Created attachment 1514063 [details] logs Description of problem: during migration from ml2/ovs to ml2/ovn process we expect to have downtime of the live instances. when checking the downtime we can see that the downtime is around 5 to 6 minutes. https://rhos-qe-jenkins.rhev-ci-vms.eng.rdu2.redhat.com/view/DFG/view/network/view/networking-ovn/job/DFG-network-networking-ovn-14_director-rhel-virthost-3cont_2comp-ipv4-vxlan-ml2ovs-to-ovn-migration/228/artifact/.workspaces/workspace_2018-12-12_11-44-32/ovn_migration/ovn_migration/ Version-Release number of selected component (if applicable): core_puddle: 2018-12-12.4 How reproducible: 100% Steps to Reproduce: 1. run the migration job and check the ping logs. 2. 3. Actual results: Expected results: Additional info:
I found the culprit.

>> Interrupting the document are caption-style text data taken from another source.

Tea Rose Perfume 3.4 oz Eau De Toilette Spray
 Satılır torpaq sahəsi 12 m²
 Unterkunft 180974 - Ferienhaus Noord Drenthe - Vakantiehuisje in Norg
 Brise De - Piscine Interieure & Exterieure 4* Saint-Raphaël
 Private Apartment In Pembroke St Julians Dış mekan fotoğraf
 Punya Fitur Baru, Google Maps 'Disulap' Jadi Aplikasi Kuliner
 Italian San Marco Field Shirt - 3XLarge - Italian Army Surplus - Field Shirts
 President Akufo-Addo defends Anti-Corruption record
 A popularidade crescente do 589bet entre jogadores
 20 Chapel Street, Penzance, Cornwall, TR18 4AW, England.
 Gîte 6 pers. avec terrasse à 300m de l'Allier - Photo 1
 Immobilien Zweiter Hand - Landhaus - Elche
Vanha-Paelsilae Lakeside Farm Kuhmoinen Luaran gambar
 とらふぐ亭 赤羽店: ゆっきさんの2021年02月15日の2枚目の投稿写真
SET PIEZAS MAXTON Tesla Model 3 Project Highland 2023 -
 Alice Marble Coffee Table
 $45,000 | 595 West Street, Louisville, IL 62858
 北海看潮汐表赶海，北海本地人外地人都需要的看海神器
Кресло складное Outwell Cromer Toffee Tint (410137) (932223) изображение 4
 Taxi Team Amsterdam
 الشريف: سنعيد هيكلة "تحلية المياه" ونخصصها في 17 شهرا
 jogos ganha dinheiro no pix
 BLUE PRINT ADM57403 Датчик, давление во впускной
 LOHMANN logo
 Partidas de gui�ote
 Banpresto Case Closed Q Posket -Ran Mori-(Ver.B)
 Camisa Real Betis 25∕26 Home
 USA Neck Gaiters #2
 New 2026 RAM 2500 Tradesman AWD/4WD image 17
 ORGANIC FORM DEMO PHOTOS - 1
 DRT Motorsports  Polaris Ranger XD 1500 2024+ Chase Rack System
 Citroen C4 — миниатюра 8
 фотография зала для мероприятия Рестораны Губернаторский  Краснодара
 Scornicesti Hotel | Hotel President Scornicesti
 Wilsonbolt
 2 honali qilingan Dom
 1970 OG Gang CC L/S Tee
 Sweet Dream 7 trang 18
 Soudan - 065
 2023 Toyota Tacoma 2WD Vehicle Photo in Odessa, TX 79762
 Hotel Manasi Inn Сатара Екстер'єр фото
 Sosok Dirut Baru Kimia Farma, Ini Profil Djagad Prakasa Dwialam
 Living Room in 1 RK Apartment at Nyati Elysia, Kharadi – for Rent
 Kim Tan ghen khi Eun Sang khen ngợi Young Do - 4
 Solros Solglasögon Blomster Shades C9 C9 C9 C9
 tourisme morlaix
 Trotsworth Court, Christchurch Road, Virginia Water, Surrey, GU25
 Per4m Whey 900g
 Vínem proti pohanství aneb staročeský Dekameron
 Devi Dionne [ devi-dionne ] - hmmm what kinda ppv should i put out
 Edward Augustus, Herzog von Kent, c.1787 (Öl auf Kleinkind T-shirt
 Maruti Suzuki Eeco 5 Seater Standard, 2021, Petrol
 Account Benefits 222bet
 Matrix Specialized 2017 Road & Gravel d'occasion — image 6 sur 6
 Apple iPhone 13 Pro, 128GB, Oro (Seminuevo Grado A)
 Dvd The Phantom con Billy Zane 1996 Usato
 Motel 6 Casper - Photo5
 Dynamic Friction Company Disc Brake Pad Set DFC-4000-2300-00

It's the workaround introduced here: https://github.com/openstack/networking-ovn/blob/47983cc61194888750f1c4cb08ff350a13914903/migration/tripleo_environment/playbooks/roles/migration/templates/clone-br-int.sh.j2#L79 The moment we delete the controller on br-int, all the openflow rules are removed = downtime. And then we wait 5 minutes after this script is ran :-/ The workaround was introduced because of: https://bugzilla.redhat.com/show_bug.cgi?id=1640045 We need to figure out if that workaround can now be removed, or otherwise, in that script: 1) Save the flows 2) Apply the workaround 3) Restore the flows
I discovered the culprit because I was recording screen during the migration: https://www.youtube.com/watch?v=sA7xfTpPMJc
(In reply to Miguel Angel Ajo from comment #2) > I found the culprit. > > It's the workaround introduced here: > > https://github.com/openstack/networking-ovn/blob/ > 47983cc61194888750f1c4cb08ff350a13914903/migration/tripleo_environment/ > playbooks/roles/migration/templates/clone-br-int.sh.j2#L79 > > The moment we delete the controller on br-int, all the openflow rules are > removed = downtime. And then we wait 5 minutes after this script is ran :-/ > > > The workaround was introduced because of: > https://bugzilla.redhat.com/show_bug.cgi?id=1640045 > > > > We need to figure out if that workaround can now be removed, or otherwise, > in that script: > > 1) Save the flows > 2) Apply the workaround > 3) Restore the flows I think we have the fix available in ovs in the version - 2.10.0-21+ . So I don't think we need the workaround anymore.
Correct, I verified we don't need the workaround anymore, it works without it.
According to our records, this should be resolved by python-networking-ovn-5.0.2-0.20190430191338.e673daf.el7ost. This build is available now.
cant verify - depends on https://bugzilla.redhat.com/show_bug.cgi?id=1694572
Closing as bug 1694572 won't make it to OSP14 before EOL.